Dans ses décisions de samedi, le Dialogue n'a donc pas suivi l'UA, en prolongeant de deux ans maximum la période de transition vers des élections, et en autorisant Mahamat Déby à briguer la présidence du pays.

Les participants ont également adopté le principe d'élections faites sur la base d'un fichier électoral informatisé.
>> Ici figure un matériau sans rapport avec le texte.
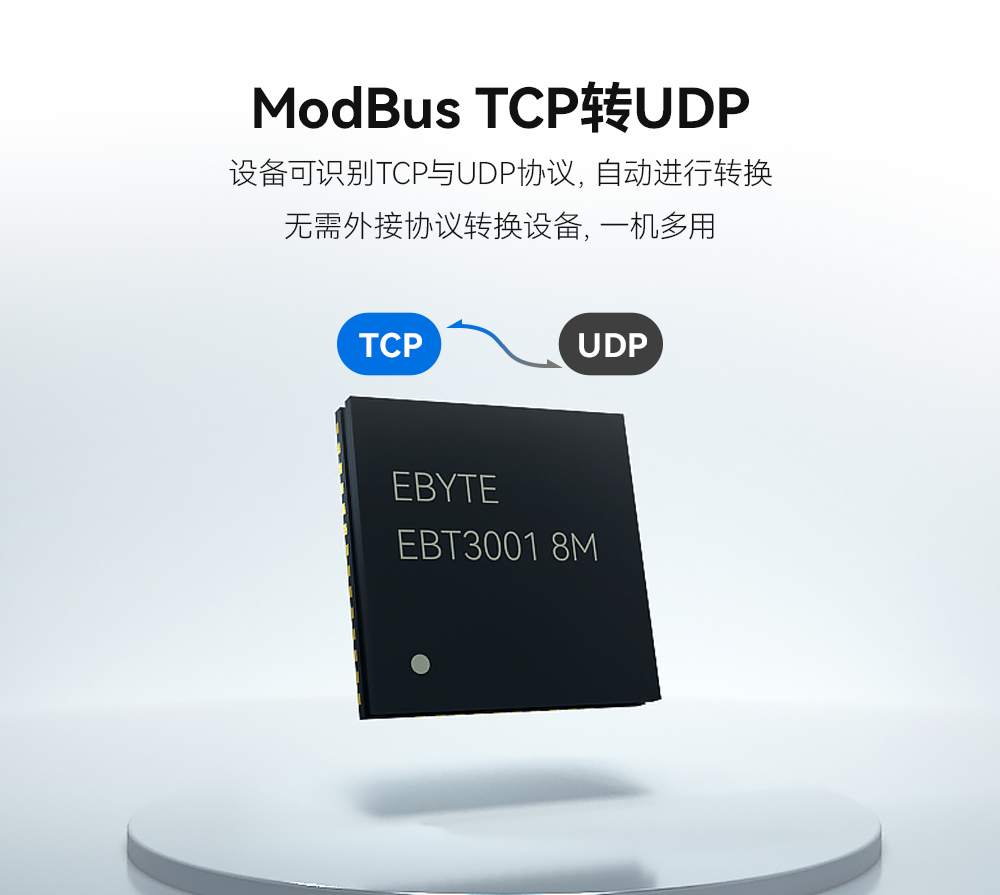 modbus网关模块 EBT3001-0609_07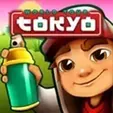 Unblocked Games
Pour l'analyste Baidessou Soukolgue, joint par la DW, "l'Union africaine et la France ont fait preuve de souplesse face à la junte au pouvoir. L'Union africaine se trouve prise au piège de son propre jeu en ayant refuser de qualifier d'anticonstitutionnel, la prise de pouvoir de Mahamat Déby. Elle s'est donc privée d'une base contraignante. La transparence d'une élection est avant tout une question de volonté politique et non simplement une question de fichier électoral." Une interview à suivre en cliquant sur l'image ci-dessus.

Le jeune général de 37 ans avait été proclamé par l'armée président de la République au lendemain de la mort de son père, Idriss Déby Itno, tué en se rendant au front contre les rebelles le 21 avril 2021.